As the school board works on its 2008-09 budget -- a preliminary version is due Feb. 15 -- Leiz said they will have to "go slower" when it comes to implementing new programs. Curricula are reviewed every five years, with courses often added or revised, new textbooks purchased and teaching practices changed. "That all requires more money," she said. "This is not the year to be doing it."

The district continues to study ways it can save money, big and small, said Dolan, and recently switched to a more cost-effective insurance carrier for all employees, along with instituting an energy conservation program. Staff cuts are always last on the list, she said.

Dolan acknowledged that the state's school-funding formula needed to change, but, she said, "the taxpayers can't support all the costs" of that change.

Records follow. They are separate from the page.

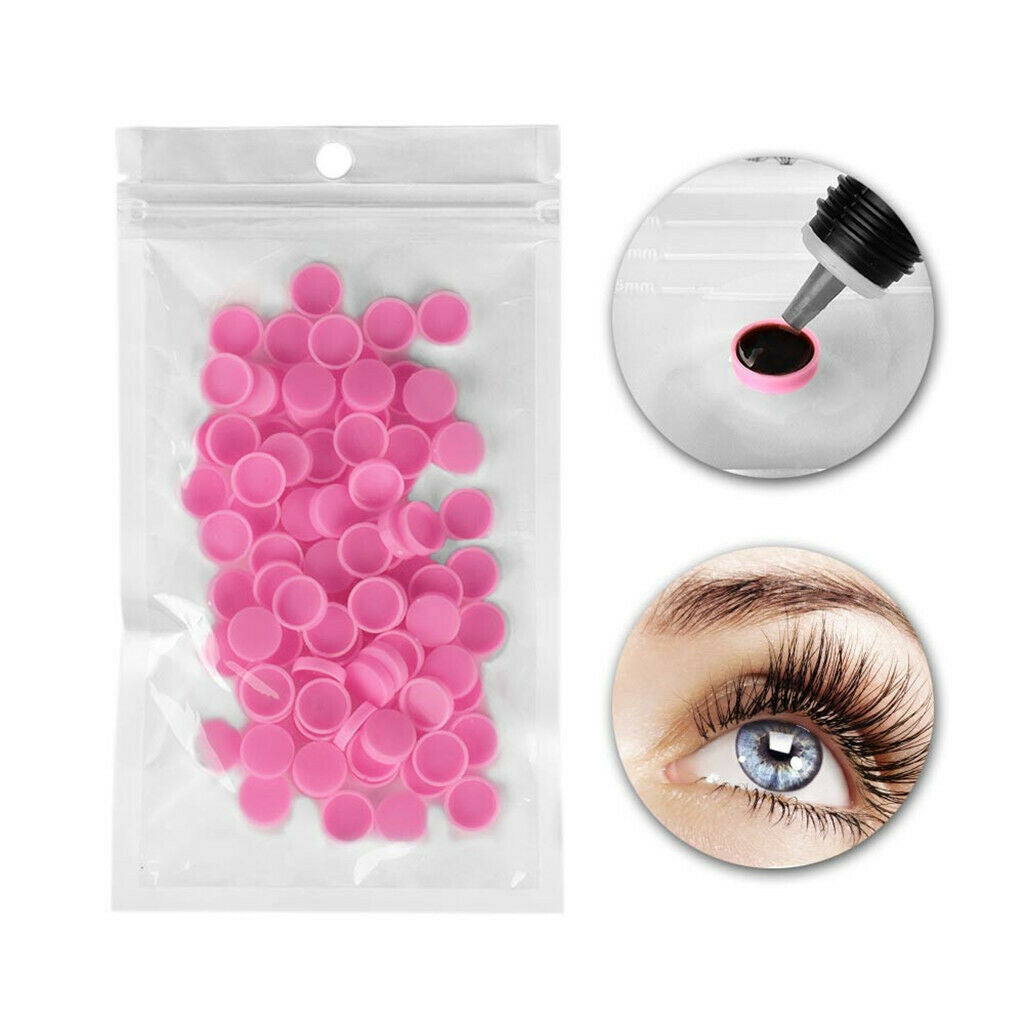100x Disposable Glue Remover Delay Holder Permanent Makeup Ink Cups Caps 1cm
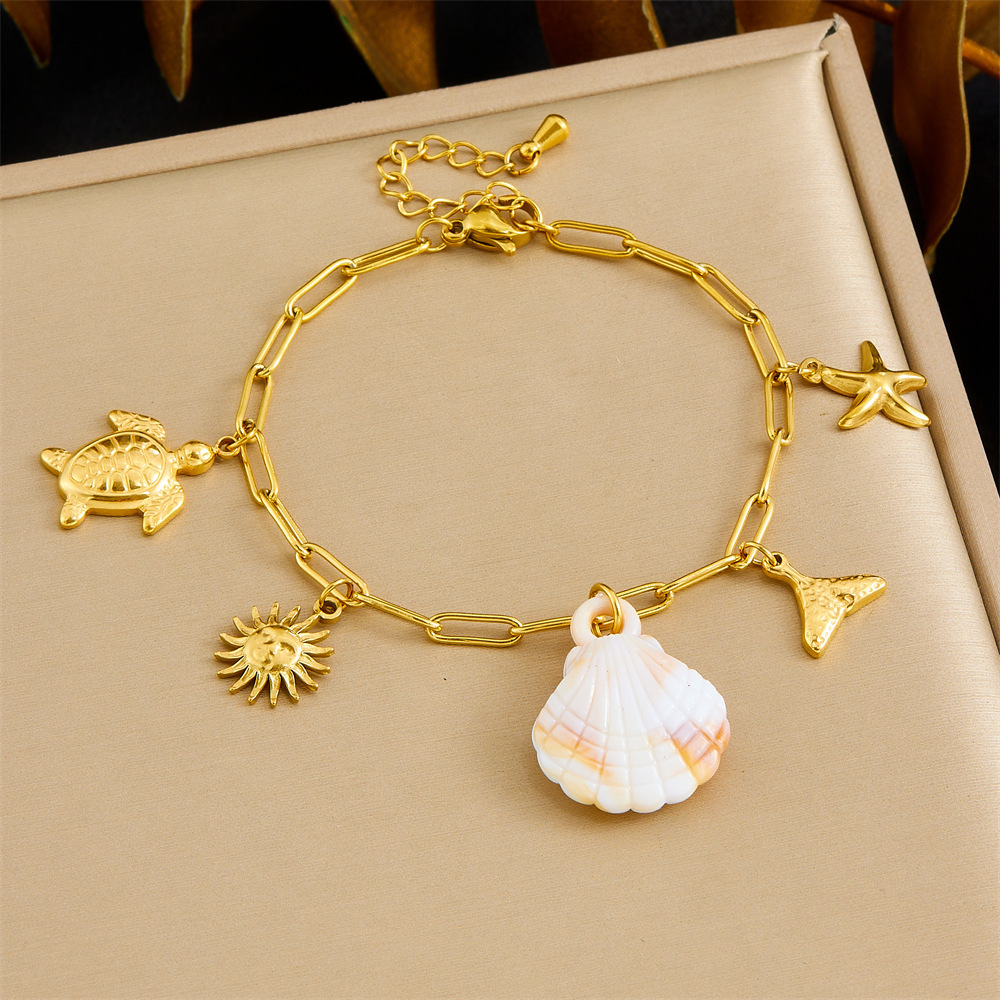 Cross-border fashion multi-element marine life pendant accessories gold-plated stainless steel crab, conch, starfish bracelet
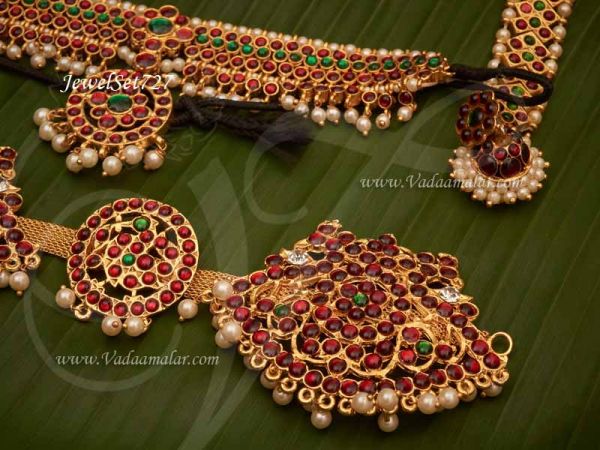 10 pcs Traditional South Indian Kemp Stone Temple Indian Bridal Jewelry Set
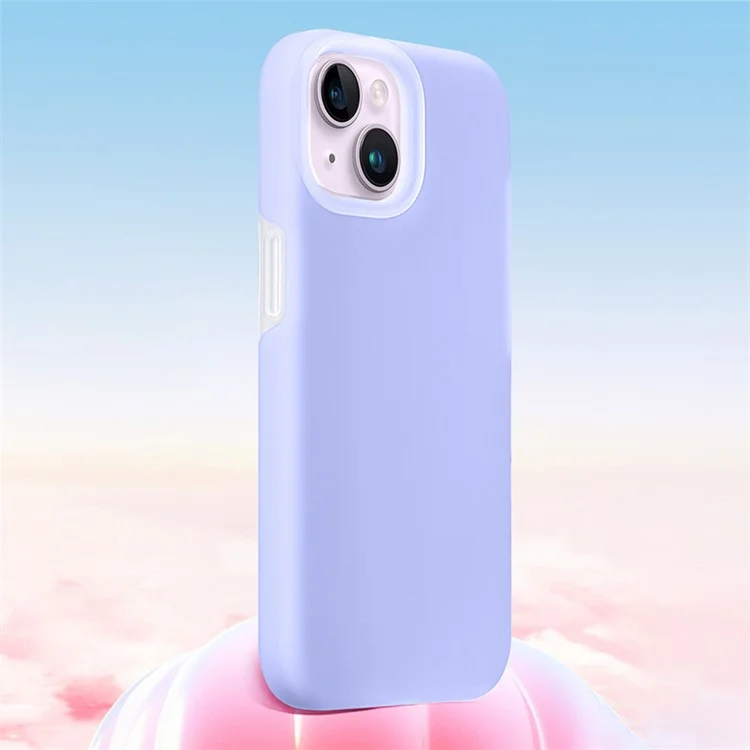 XUNDD Серия Желе для iPhone 15 Чехол для телефона с микрофиберной подкладкой Жидкий силикон+ПК задняя крышка - Фиолетовый 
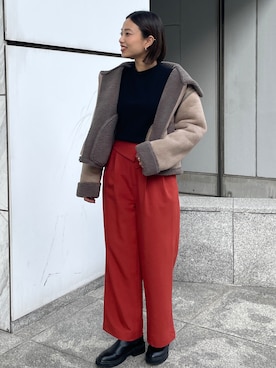 「OPAQUE.CLIP」｜「アイテム（ブルゾン）」を使った、OPAQUE.CLIPスタッフさん（レディース・158cm）の秋コーディネート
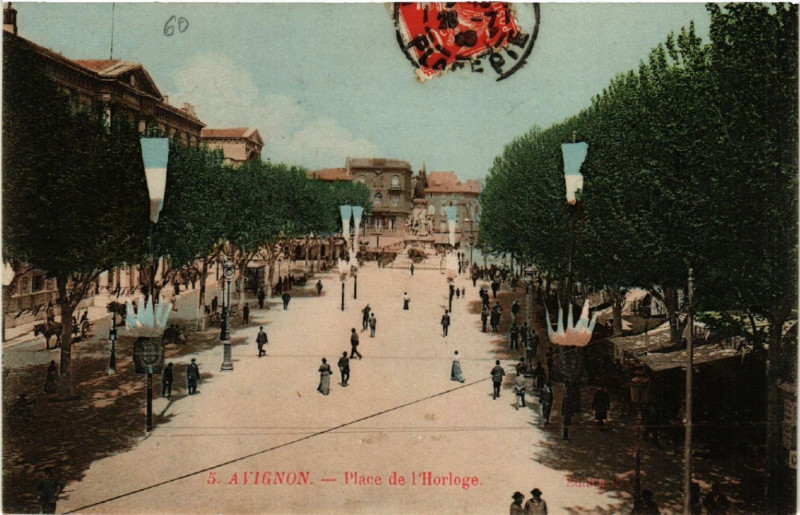 Carte postale ancienne Avignon - Place de l'Horloge à Avignon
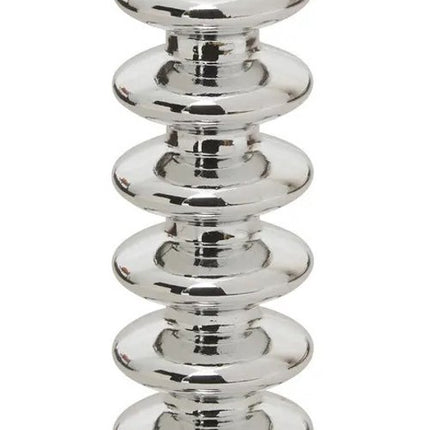 Atmosphera kaarsen kandelaar - decoratief glas - dinerkaarsen - zilver - D9 x H22 cm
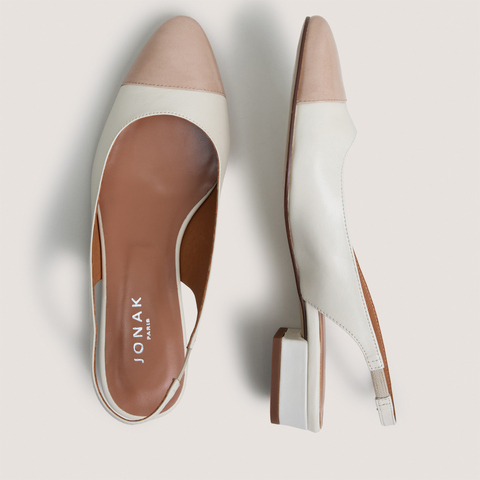 Ballerines slingbacks &agrave; petits talons beige / ecru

Corzine's plan, which was signed into law last month, boosts school aid by $532 million while keeping funding to 20 of 31 Abbott schools -- located in needy communities -- at current levels. In defending the plan, the governor has said it lays "down a fair and equitable aid formula for all our schools and all our children across the state."

But Westfield school officials said their district was shortchanged. In December, when the funding amounts were released, the district sent out a list detailing how similar wealthy districts received increases of 10 and 20 times Westfield's.

Among those in Union County are Cranford and Mountainside, which received 20 percent increases; and Scotch Plains-Fanwood and New Providence, which received 10 percent hikes. Westfield, however, had the highest median income of those towns, at $113,817, according to 2005 figures.

But a district's wealth compared with others' is just one of the components factored into the elaborate school aid formula.

Among the others are enrollment increases or decreases, the number of students in special education and the number of students "at risk" due to poverty, and a district's current spending level as compared with its "adequacy budget." A district's adequacy budget is the funding level the formula says is necessary to provide thorough and efficient education.

Westfield has increased its enrollment by 15 percent over the last seven years, and the state has found it spends under the adequacy level, which is supposed to count in the town's favor. Officials are also worried funding may be reduced to its well-regarded special education program.

Lynne Strickland, who is director of Garden State Coalition of Schools, an advocacy group representing mostly suburban districts, said details of the school-funding plan are still being studied. But because Westfield is considered a district that can afford to pay for its schools [by the state], it will have to look more to the taxpayers for help and less to the state, she said.

Dolan, who is in her first year as Westfield school superintendent, said the district is trying to avoid further burdening those taxpayers, but it is becoming increasingly difficult. "We're looking at every single line item in the budget," she said. "We go out to bid on everything, from the delivery of energy to copy paper. We try to be proactive and control costs, but our whole goal is how to best educate our students."